### How to complete this task:
Please reproduce exactly, and only, the lines from the one with "Warm Winter Fleece Abaya - EastEssence.com" through the last line of the listing below, both ends included, leaving out the pictures.

### Records for the exercise:
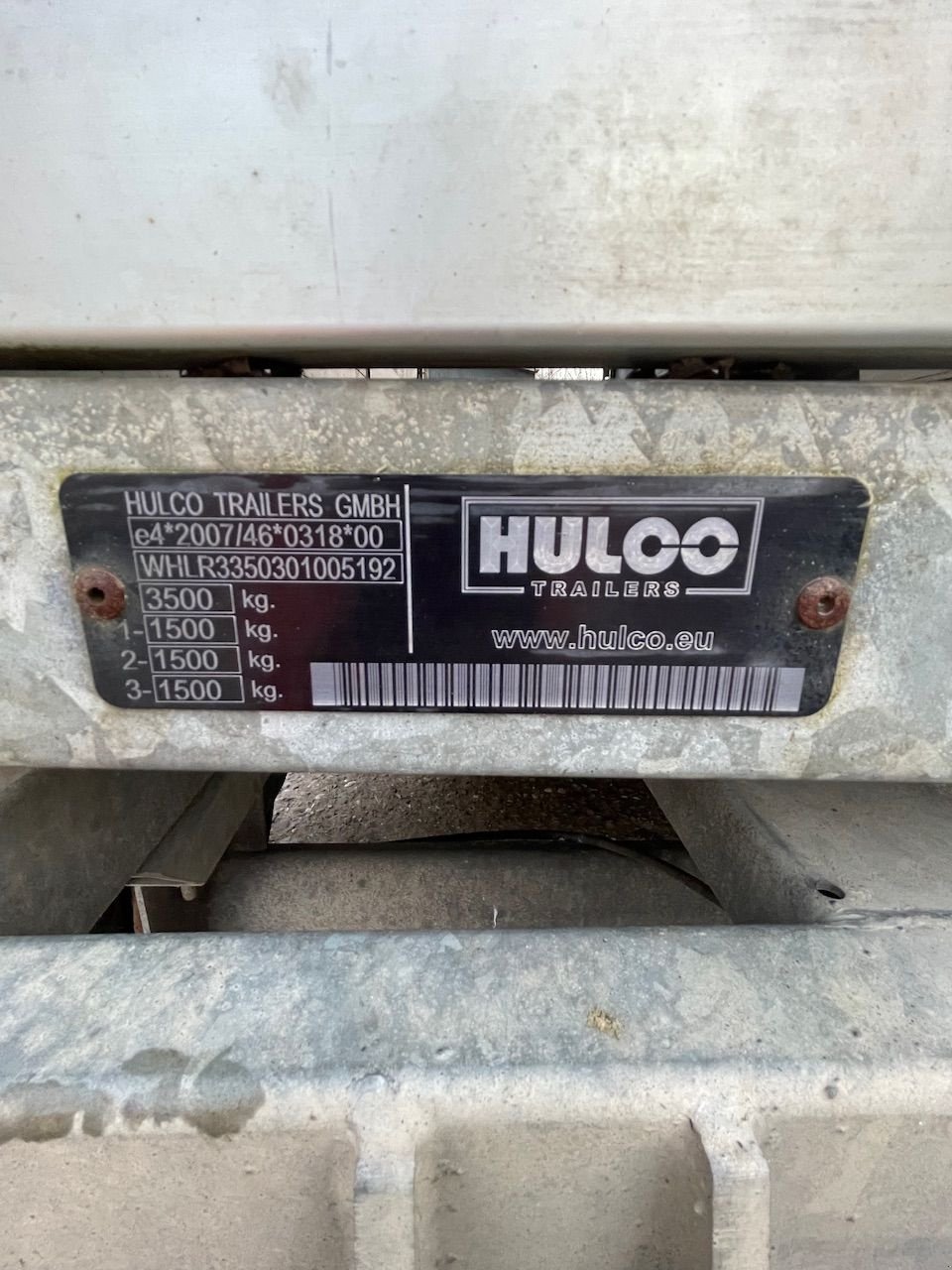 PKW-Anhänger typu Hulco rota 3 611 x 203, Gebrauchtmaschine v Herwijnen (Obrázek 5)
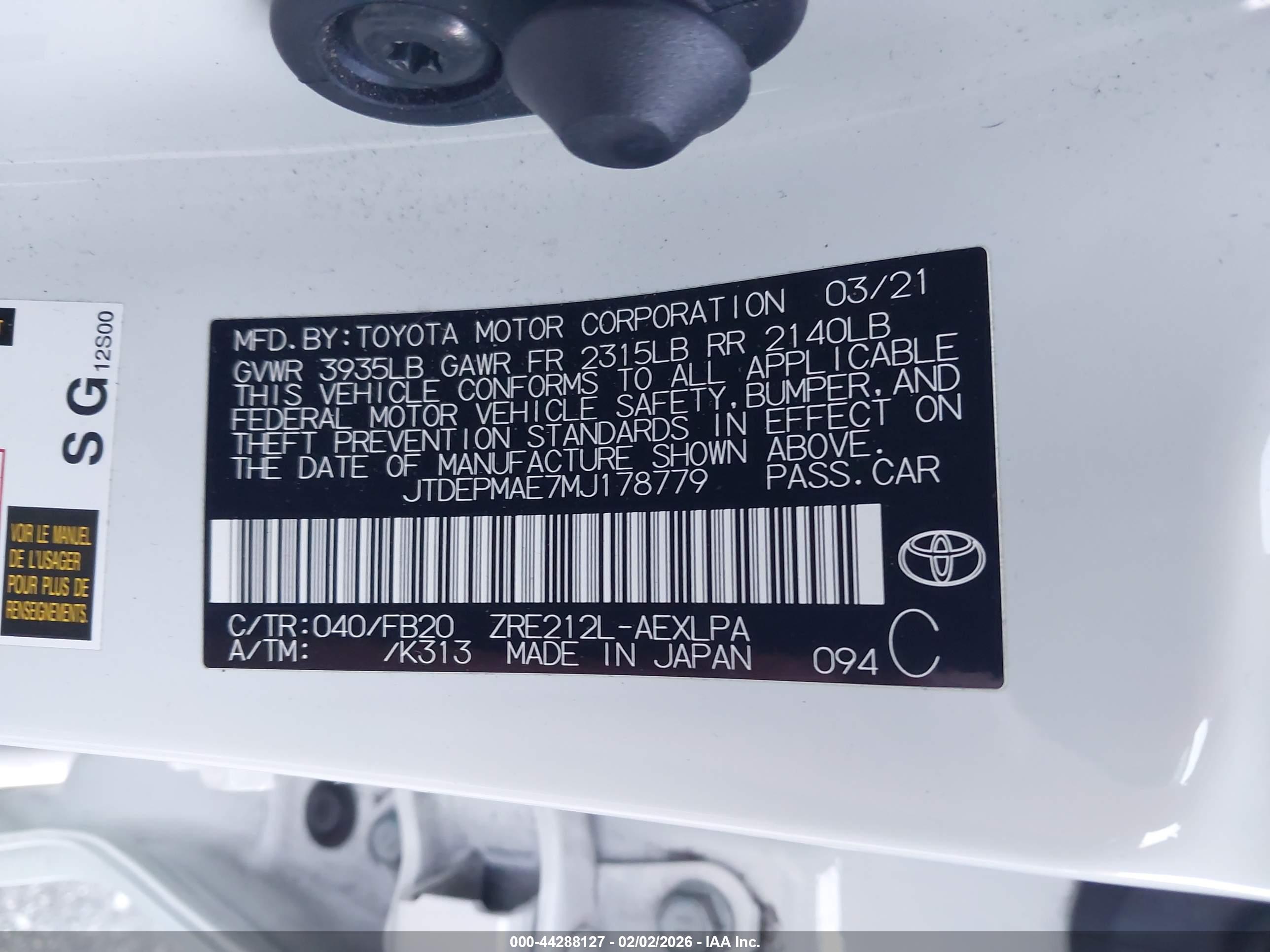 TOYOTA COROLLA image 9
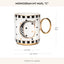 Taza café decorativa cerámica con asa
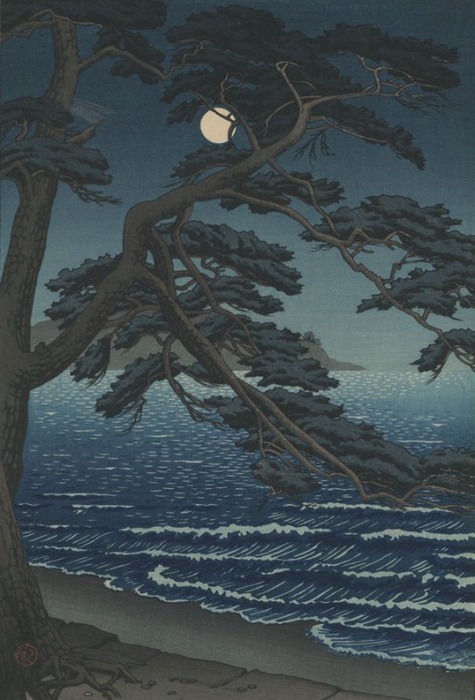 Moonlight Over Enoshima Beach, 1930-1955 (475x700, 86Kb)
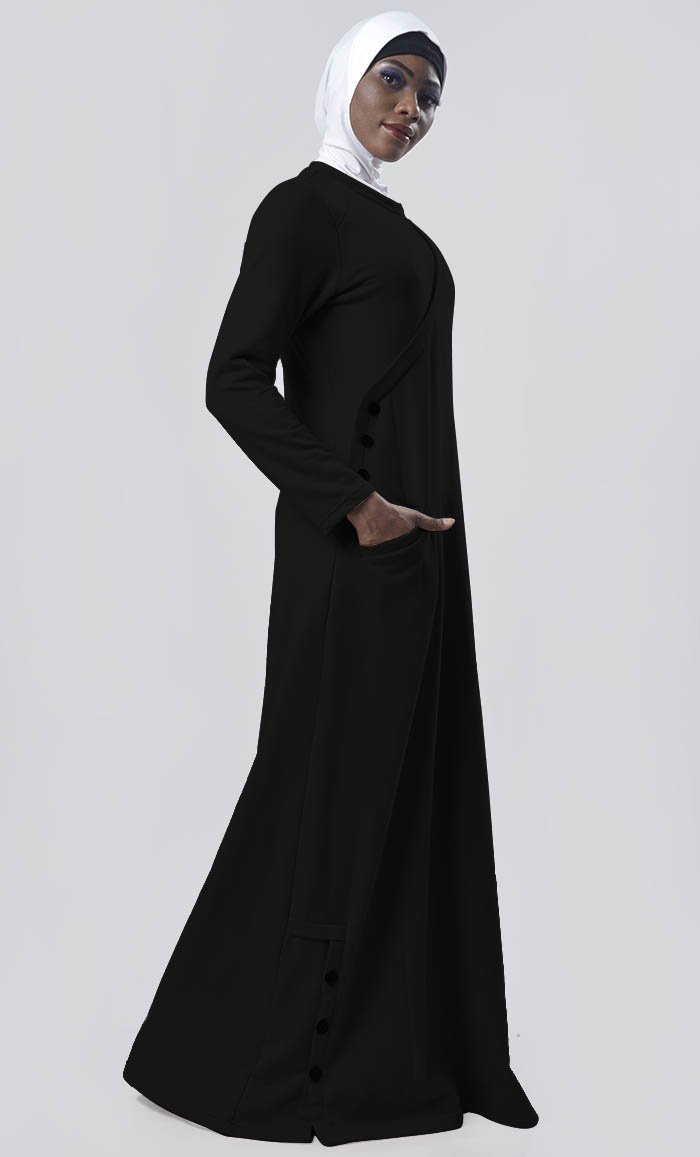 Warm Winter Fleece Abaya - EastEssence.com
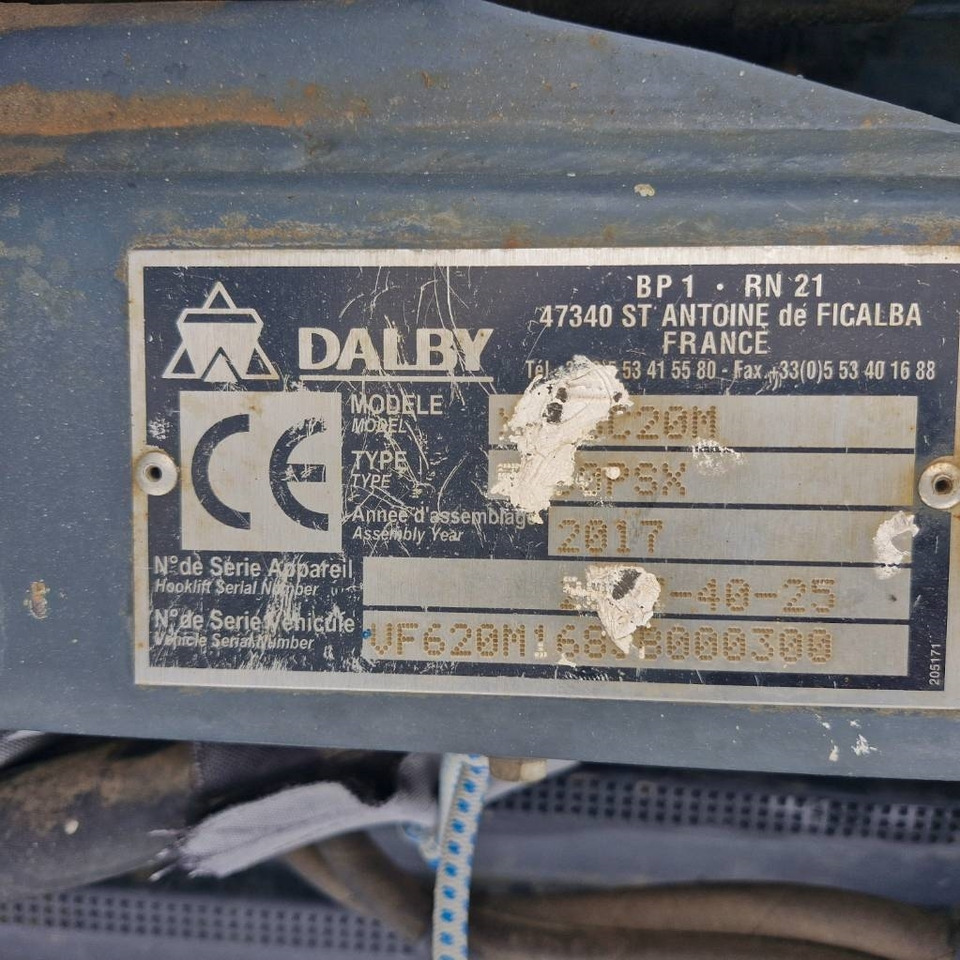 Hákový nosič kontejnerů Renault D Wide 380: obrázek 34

### Answer space:
 Warm Winter Fleece Abaya - EastEssence.com
 Hákový nosič kontejnerů Renault D Wide 380: obrázek 34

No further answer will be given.